◆ **What the task requires**
Would you please copy the part of the material below that opens with the line containing "Meet your Posher, Stephanie" and closes with the line containing "de Boca. Adam"? Copy it exactly, and only it.

◆ **Entries supplied**
━━━━━━━━━━━━━━━━

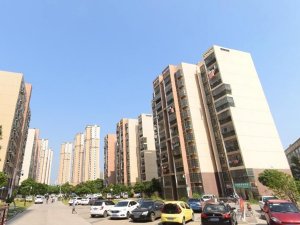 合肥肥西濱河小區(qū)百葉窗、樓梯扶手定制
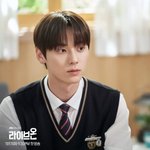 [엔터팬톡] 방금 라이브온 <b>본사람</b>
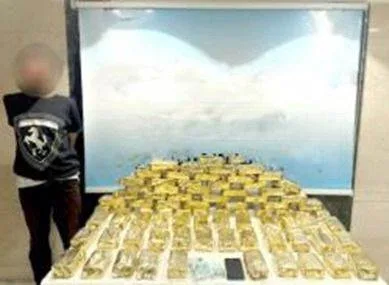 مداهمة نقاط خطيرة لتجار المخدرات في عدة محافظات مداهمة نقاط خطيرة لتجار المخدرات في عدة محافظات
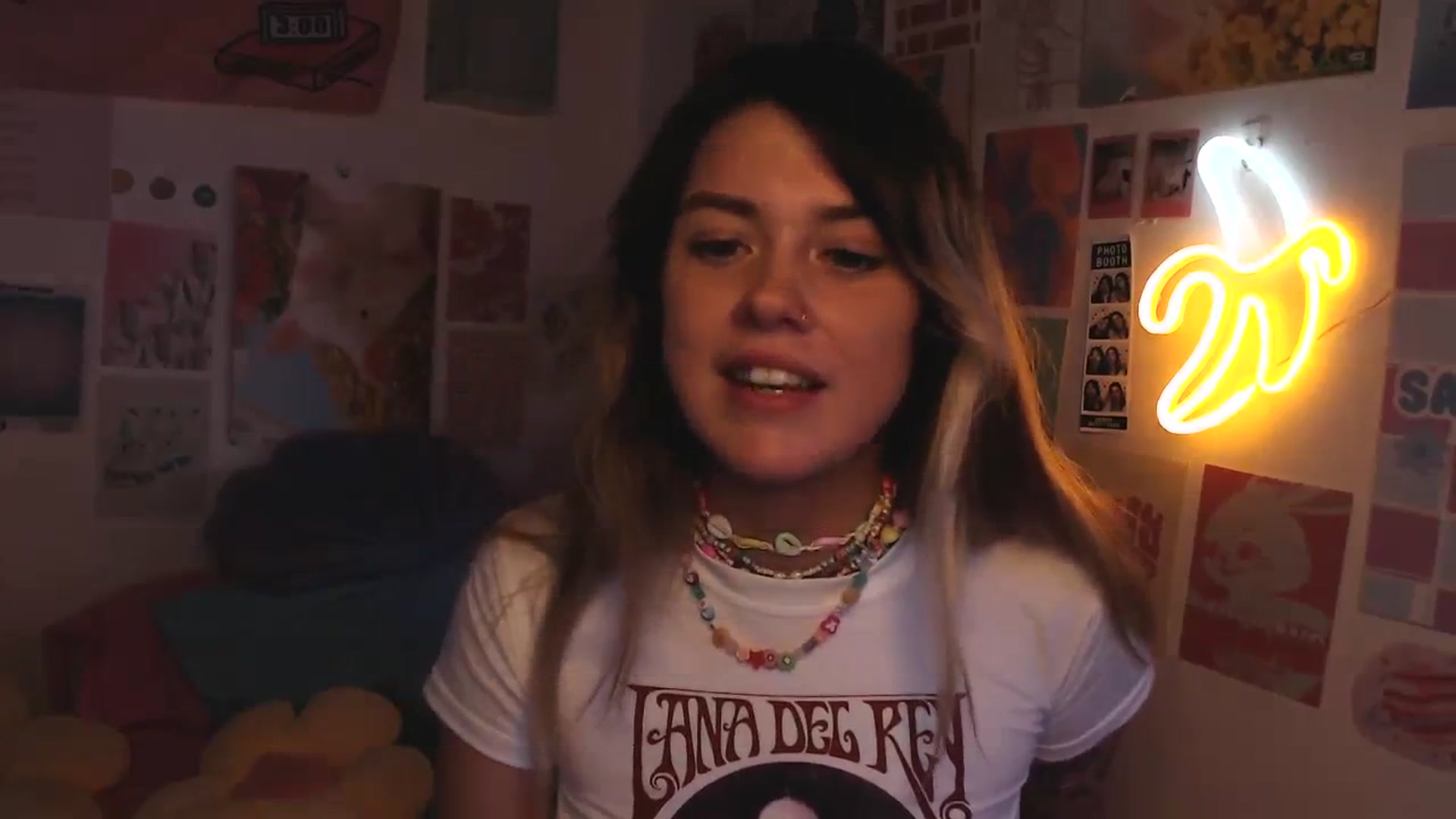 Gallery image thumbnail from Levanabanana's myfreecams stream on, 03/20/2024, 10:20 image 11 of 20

━━━━━━━━━━━━━━━━

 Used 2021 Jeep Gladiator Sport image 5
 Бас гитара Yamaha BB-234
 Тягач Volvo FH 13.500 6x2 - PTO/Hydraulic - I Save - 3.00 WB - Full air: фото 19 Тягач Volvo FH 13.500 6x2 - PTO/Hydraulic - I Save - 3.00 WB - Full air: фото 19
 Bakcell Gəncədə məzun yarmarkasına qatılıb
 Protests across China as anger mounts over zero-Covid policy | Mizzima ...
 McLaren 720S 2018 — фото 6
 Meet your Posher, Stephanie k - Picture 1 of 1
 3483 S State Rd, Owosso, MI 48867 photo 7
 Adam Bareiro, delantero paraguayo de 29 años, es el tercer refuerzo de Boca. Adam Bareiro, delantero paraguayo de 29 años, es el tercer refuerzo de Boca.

━━━━━━━━━━━━━━━━

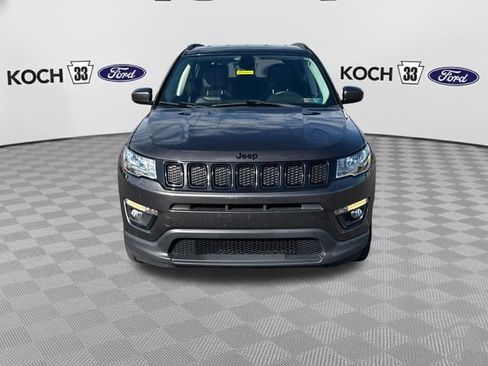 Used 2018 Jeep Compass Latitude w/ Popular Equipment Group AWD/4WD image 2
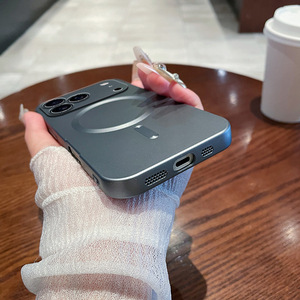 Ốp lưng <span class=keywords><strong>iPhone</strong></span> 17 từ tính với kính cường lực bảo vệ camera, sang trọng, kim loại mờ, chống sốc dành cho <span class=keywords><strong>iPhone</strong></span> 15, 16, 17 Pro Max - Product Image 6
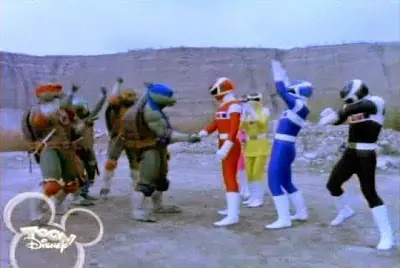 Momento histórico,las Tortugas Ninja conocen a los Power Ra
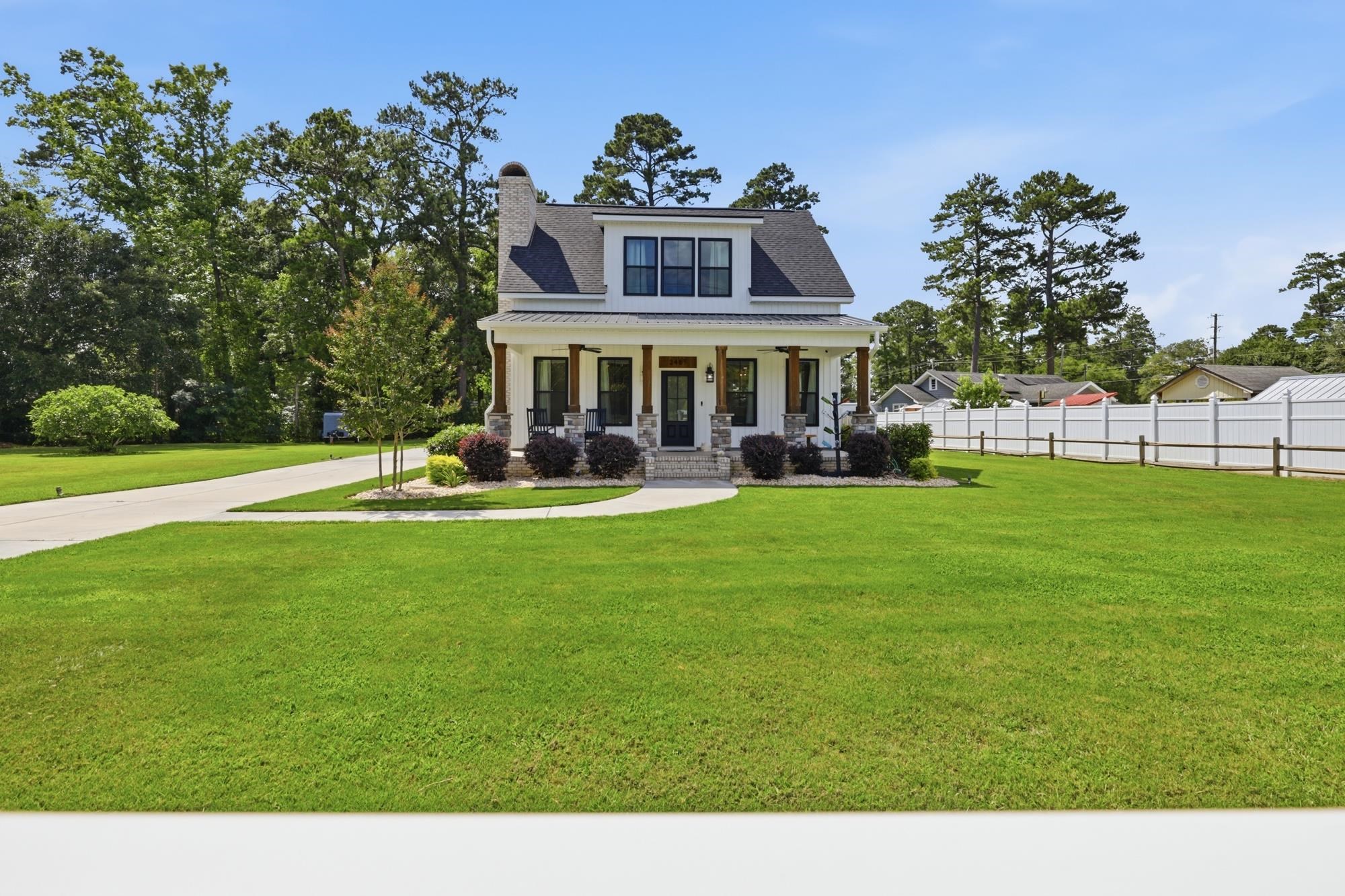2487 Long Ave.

━━━━━━━━━━━━━━━━

◆ **Output for this exercise**
 Meet your Posher, Stephanie k - Picture 1 of 1
 3483 S State Rd, Owosso, MI 48867 photo 7
 Adam Bareiro, delantero paraguayo de 29 años, es el tercer refuerzo de Boca. Adam Bareiro, delantero paraguayo de 29 años, es el tercer refuerzo de Boca.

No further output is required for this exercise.